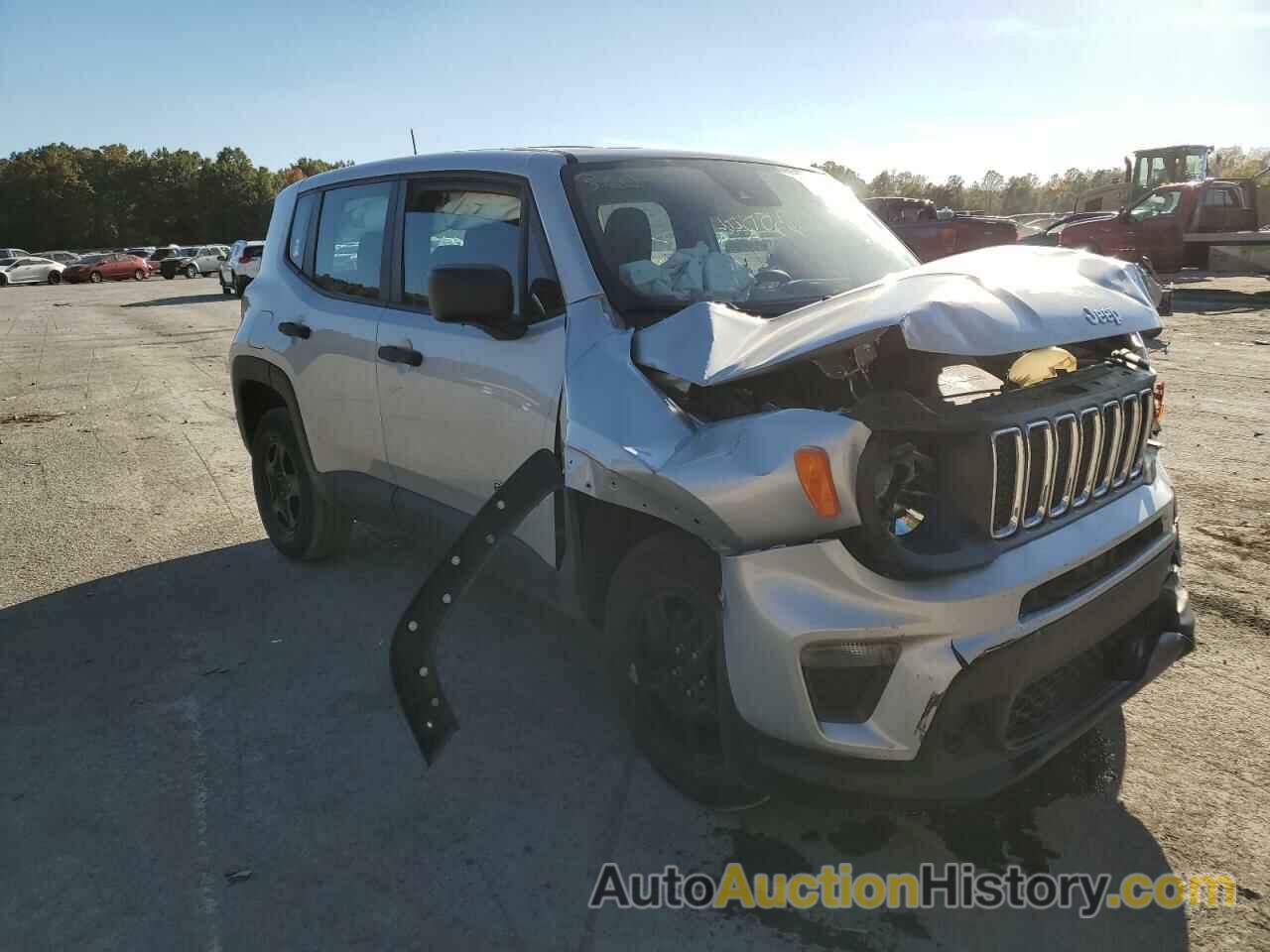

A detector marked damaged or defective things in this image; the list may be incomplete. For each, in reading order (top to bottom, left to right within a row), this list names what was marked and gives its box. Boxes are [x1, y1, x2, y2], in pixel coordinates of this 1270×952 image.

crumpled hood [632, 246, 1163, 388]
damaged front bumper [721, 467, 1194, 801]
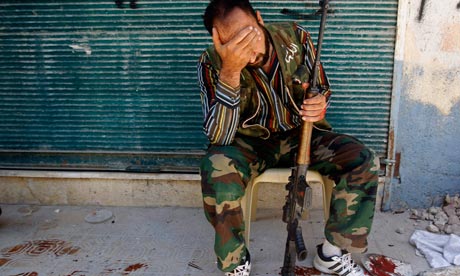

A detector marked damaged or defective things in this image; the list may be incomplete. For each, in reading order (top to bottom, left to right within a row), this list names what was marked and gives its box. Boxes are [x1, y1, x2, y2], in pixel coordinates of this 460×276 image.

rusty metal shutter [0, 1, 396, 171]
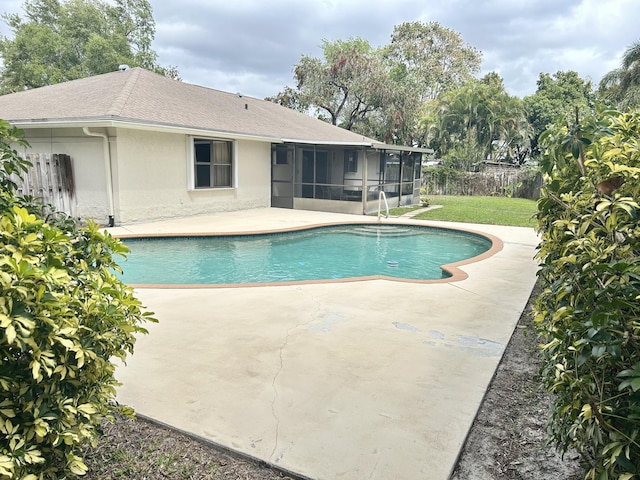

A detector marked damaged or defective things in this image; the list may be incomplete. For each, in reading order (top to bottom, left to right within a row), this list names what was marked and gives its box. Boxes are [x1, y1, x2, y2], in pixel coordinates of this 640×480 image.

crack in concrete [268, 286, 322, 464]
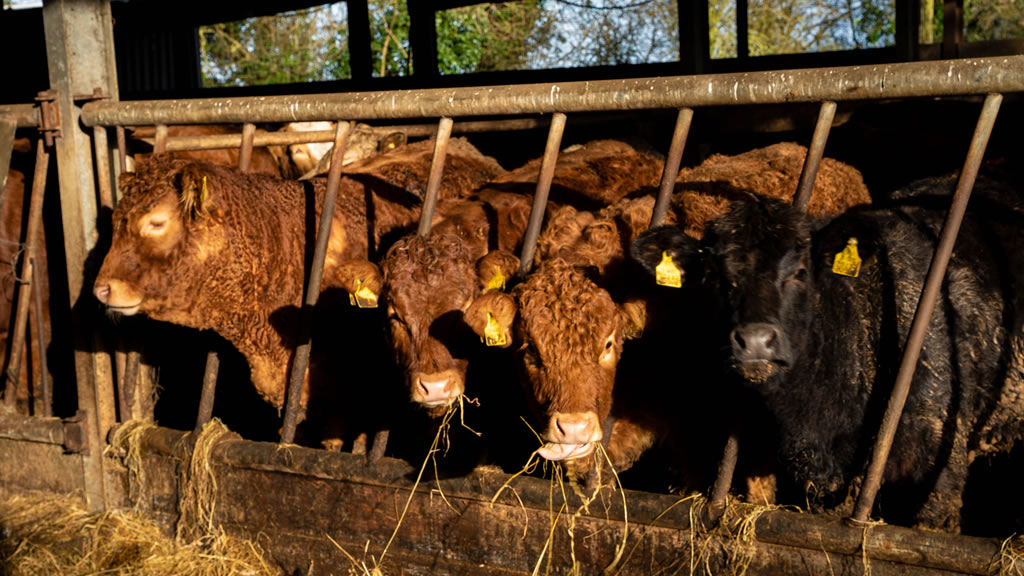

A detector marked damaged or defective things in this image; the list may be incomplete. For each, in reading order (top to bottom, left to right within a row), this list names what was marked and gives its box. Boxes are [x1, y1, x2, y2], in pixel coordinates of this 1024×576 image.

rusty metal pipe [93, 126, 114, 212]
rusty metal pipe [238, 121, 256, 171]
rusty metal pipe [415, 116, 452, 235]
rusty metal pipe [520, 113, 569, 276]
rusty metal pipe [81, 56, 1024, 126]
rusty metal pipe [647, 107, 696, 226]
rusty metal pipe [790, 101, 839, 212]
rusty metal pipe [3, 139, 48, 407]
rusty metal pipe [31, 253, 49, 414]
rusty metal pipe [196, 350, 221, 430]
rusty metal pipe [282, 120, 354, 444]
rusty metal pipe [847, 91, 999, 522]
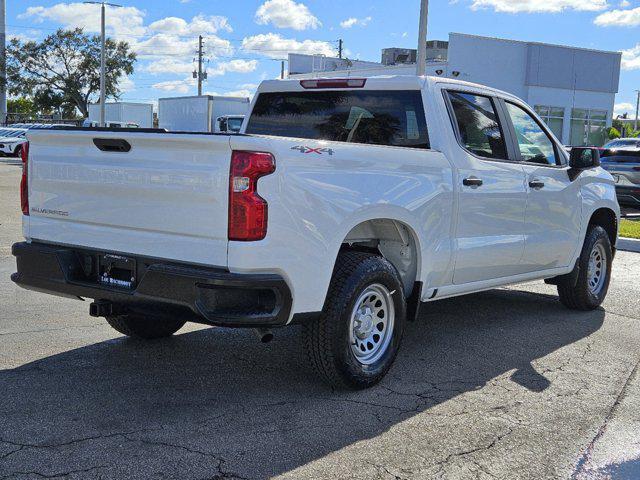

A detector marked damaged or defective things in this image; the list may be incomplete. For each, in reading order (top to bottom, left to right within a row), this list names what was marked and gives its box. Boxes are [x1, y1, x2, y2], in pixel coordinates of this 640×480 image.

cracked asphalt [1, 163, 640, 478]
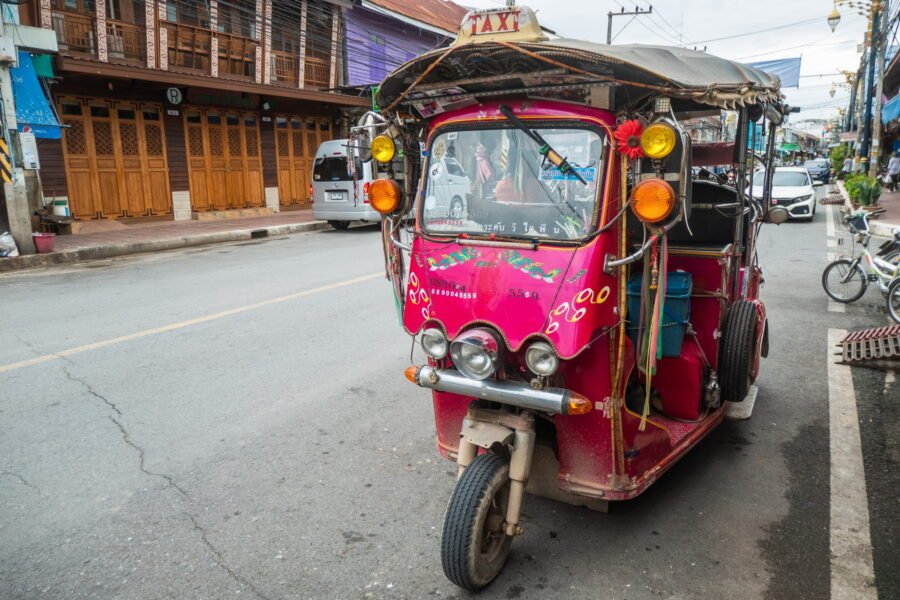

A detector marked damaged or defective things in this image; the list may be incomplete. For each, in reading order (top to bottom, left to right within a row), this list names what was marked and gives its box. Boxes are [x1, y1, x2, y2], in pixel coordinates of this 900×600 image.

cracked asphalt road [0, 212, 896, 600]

==*==

WORK ITEM:
Final stretch of the data: repeat exactly each line from the one containing "this 1024×576 image." through the last, and omit all pictures.

EXERCISE SOLUTION:
A detector marked damaged or defective things in this image; the list may be incomplete. For each, in reading order (top to bottom, left to right within a row), this list names what was marked and gives its box. Boxes are [x1, y1, x2, y2], in pixel coordinates of this 1024×576 image.

rusty metal pipe [93, 126, 114, 212]
rusty metal pipe [238, 121, 256, 171]
rusty metal pipe [415, 116, 452, 235]
rusty metal pipe [520, 113, 569, 276]
rusty metal pipe [81, 56, 1024, 126]
rusty metal pipe [647, 107, 696, 226]
rusty metal pipe [790, 101, 839, 212]
rusty metal pipe [3, 139, 48, 407]
rusty metal pipe [31, 253, 49, 414]
rusty metal pipe [196, 350, 221, 430]
rusty metal pipe [282, 120, 354, 444]
rusty metal pipe [847, 91, 999, 522]

A detector marked damaged or defective things in this image; the list may be incomplete. For each, in reading order (top to bottom, left to right within a row), this list names what was marked and gives its box. Boxes are [x1, y1, x2, y2], in pixel coordinates of this 640×480 image.

cracked asphalt [1, 163, 640, 478]

A detector marked damaged or defective things in this image; the list may be incomplete. For each, in reading order (top to bottom, left to right within a row), this list names what was marked and gives its box. Boxes are [x1, y1, x2, y2], in pixel coordinates of this 900×600 image.

cracked asphalt road [0, 212, 896, 600]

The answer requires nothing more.